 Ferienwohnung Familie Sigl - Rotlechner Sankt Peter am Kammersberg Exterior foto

———

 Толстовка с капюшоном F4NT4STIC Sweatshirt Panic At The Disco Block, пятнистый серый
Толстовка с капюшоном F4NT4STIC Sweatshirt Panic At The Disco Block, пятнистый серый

———

** EXERCISE GOAL **
Where a line of the data holds the word "Block", copy that line.

** FINISHED EXERCISE **
 Толстовка с капюшоном F4NT4STIC Sweatshirt Panic At The Disco Block, пятнистый серый
Толстовка с капюшоном F4NT4STIC Sweatshirt Panic At The Disco Block, пятнистый серый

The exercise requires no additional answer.